If properly drafted employee handbooks and other employment contracts can be highly advantageous to employers by establishing an at-will relationship and the exempt status of employees for overtime compensation purposes, for example.
The only way to “win” a lawsuit is to prevent it from materializing in the first place. This is an environment where even a mundane employment lawsuit can cost a million dollars or more to defend, win, lose or draw. Moreover, the employer (but not the employee) will typically be required to reimburse the employee’s legal fees and costs if the employee wins even a nominal award. So, tack on another million or so, before even considering the amount of the jury award, which is often staggering.

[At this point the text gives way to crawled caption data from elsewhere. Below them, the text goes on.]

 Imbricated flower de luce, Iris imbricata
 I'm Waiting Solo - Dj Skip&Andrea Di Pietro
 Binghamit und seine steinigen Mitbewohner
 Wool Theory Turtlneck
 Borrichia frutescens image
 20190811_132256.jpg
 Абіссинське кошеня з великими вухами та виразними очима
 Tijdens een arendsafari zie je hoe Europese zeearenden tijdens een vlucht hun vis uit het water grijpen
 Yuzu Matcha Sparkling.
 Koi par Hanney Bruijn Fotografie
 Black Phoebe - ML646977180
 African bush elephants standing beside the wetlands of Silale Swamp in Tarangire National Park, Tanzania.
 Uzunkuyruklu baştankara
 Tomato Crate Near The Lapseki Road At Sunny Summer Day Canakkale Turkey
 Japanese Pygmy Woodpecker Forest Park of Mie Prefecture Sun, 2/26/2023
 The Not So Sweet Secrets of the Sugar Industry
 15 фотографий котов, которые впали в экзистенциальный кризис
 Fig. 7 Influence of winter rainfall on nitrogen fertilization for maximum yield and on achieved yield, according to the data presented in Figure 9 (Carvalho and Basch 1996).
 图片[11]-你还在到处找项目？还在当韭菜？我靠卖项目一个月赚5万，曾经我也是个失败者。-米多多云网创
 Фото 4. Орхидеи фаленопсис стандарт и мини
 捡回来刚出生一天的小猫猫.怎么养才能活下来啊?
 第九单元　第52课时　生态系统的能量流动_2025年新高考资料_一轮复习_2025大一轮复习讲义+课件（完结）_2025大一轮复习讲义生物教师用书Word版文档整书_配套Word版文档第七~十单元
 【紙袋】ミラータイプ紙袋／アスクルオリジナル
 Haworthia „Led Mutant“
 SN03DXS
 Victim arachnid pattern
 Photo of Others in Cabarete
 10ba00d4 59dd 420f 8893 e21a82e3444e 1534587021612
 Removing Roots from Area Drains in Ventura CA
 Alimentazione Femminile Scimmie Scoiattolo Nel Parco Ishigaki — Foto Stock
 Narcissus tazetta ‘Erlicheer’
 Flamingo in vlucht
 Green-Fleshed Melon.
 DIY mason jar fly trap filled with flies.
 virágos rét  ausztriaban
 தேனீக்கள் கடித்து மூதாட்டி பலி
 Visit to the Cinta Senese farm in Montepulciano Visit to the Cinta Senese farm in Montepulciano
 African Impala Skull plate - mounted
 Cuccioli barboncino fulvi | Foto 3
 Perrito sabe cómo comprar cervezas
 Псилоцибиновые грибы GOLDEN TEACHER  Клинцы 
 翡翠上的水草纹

This feature of the law is even more disturbing when it is understood that employers in California lose the overwhelming majority of jury trials. This is due to composition of a typical jury, which usually consists of employees, not business owners or even supervisors. These juries are predictably highly sympathetic to the plaintiff suing the employer.
It is for this reason that, an employment contract requiring employees to submit all disputes to mandatory arbitration is highly recommended. Such an arrangement can reduce defense costs by as much as 90 percent, while enhancing the employer’s prospects for winning at trial.
These and related precautions, once in place, often reduce the prospect that an employer will be sued. This is because they make a potential case far less attractive to plaintiff’s lawyers by preventing employers from being “pummeled into submission” to an exorbitant settlement by their prohibitively-expensive legal defense costs.
Because these lawyers risk going uncompensated if the case fails to produce a favorable settlement, they carefully examine the circumstances to be certain of a sure winner before they will accept a case.
The less vulnerable a plaintiff’s lawyer perceives an employer to be, the less likely it is that a lawsuit will result. The precautions I recommend are specifically- designed to accomplish that result.
This explains why my law practice was built on the maxim: “an ounce of prevention is worth a pound of cure.”